Die bornierte Haltung des Jad Vaschem Chefs a la "Jesus ist nicht unser Gott" ist leider typisch für die Pflege von Stereotypen, wie soll es denn zu einem wahren Dialog und zu einem Brückenschlag kommen wenn sich die Herren zieren wie die Jungfrau vor dem Bette.
Was hier fehlt ist ein lebendiger Umgang mit der Geschichte, so wie es auch der Film "Zug des Lebens" propagierte und wer könnte mehr als Bild der Versöhnung dienen als Jesus Christus? Es geht doch um das Gedenken und das können eben nur die Lebenden.

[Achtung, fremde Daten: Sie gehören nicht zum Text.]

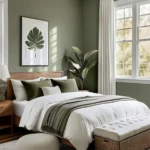 Woven storage bench with an upholstered top at the foot of a bed in a green bedroom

Ich kann nur jedem empfehlen zu Allerseelen nach Polen zu fahren und deren Umgang mit ihren Verstorbenen zu betrachten. Ihr werdet überrascht sein wie im Dunkeln die Friedhöfe von Kerzenlicht erstrahlen und sich die Verwandten um die Gräber scharen, trinken und essen und gemeinsam feiern und die Verstorbenen dabei in Gedanken mit einbeziehen. So wird in Polen der Verstorbenen gedacht, deshalb ist die Veranstaltung in Majdanek(Polen) sicherlich für die Anwohner auch nichts Ungewöhnliches.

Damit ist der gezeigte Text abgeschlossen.